Provided entries:
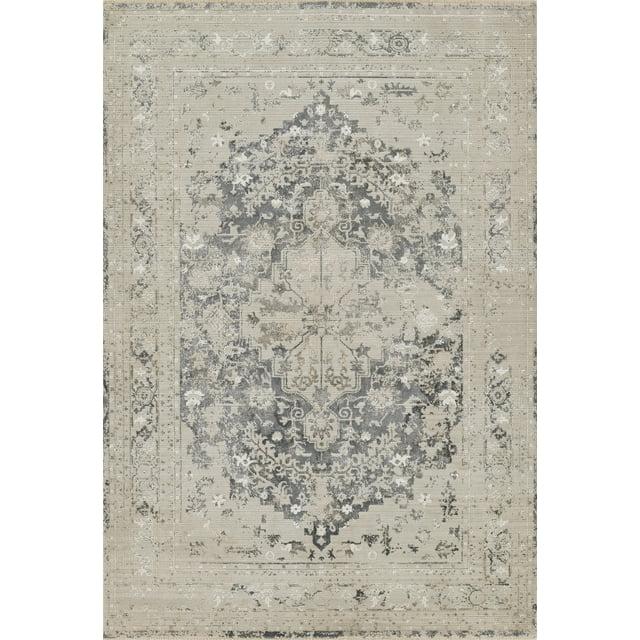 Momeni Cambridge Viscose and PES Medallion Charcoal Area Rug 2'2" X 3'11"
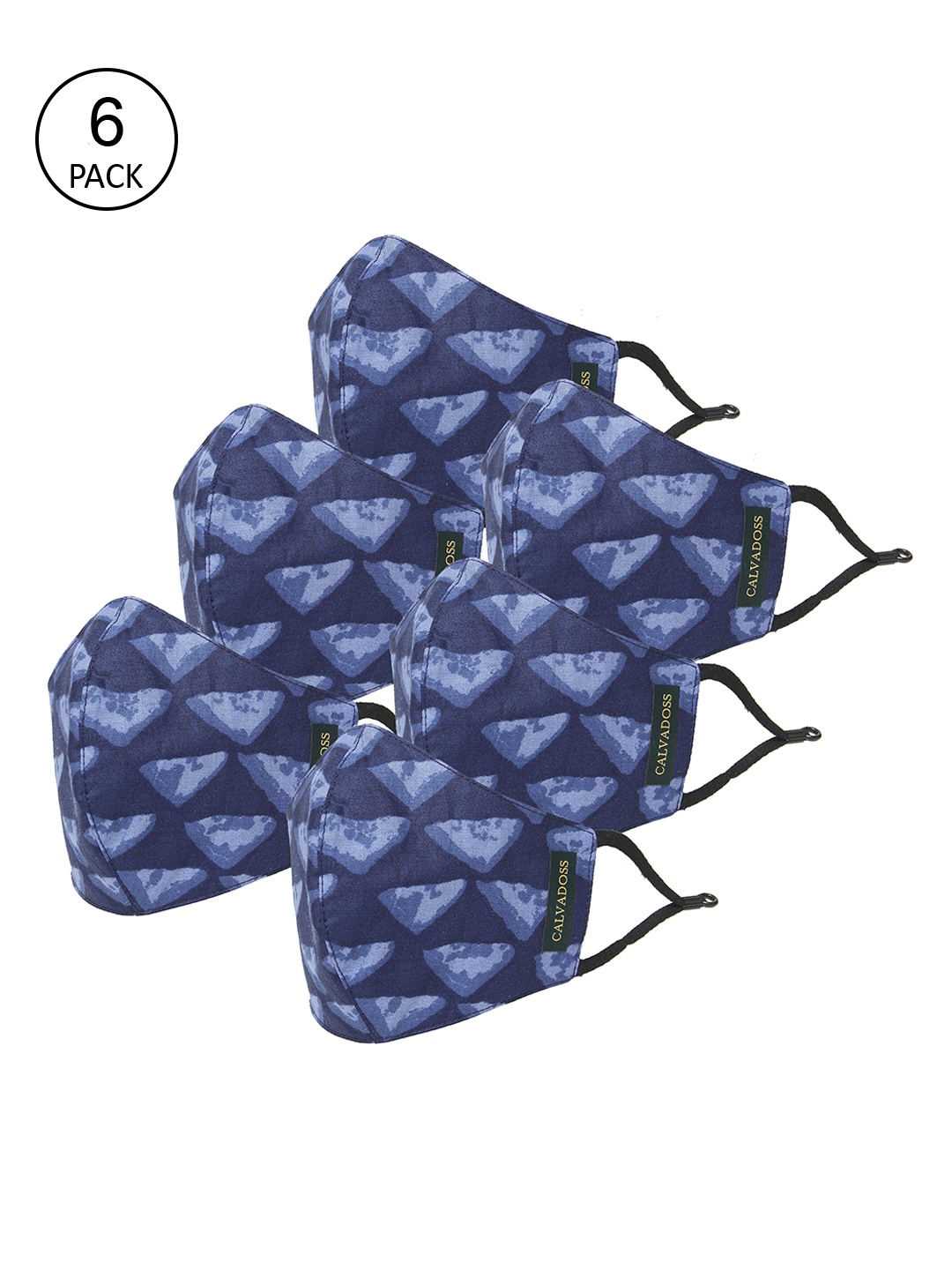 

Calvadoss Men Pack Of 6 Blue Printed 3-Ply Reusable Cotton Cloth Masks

...

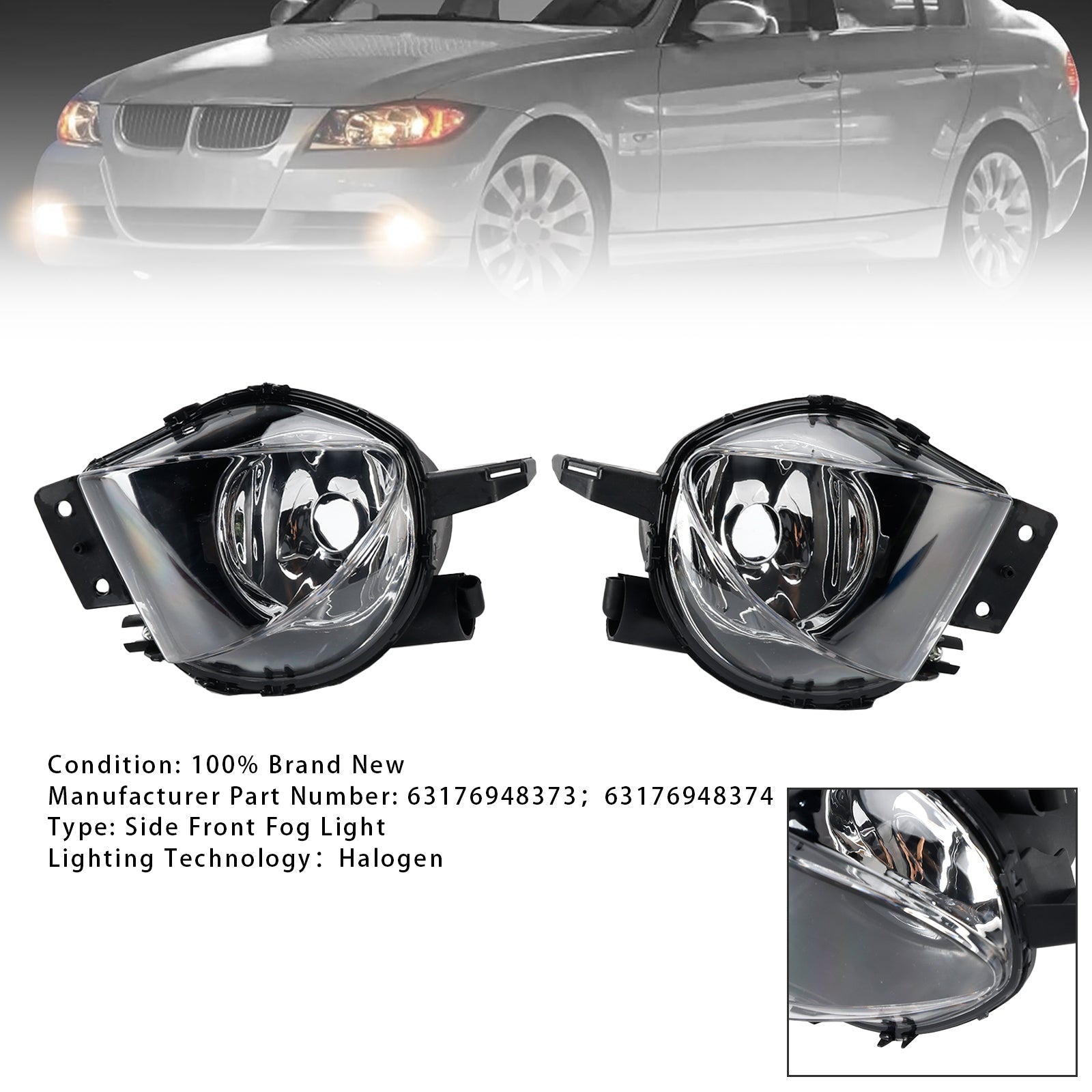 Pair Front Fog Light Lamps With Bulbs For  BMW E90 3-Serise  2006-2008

...

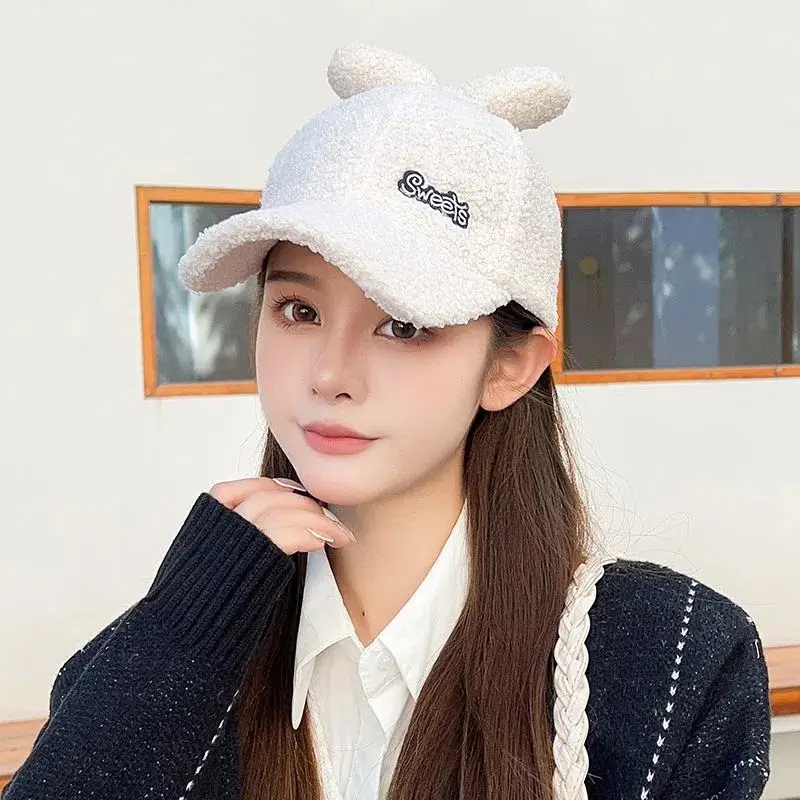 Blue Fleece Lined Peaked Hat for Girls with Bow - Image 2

What the task requires: Make an exact copy of the lines above, beginning with the line with "Momeni Cambridge Viscose" and ending with the line with "Calvadoss Men Pack", and keep the pictures out of it.

Output of the exercise:
 Momeni Cambridge Viscose and PES Medallion Charcoal Area Rug 2'2" X 3'11"

Calvadoss Men Pack Of 6 Blue Printed 3-Ply Reusable Cotton Cloth Masks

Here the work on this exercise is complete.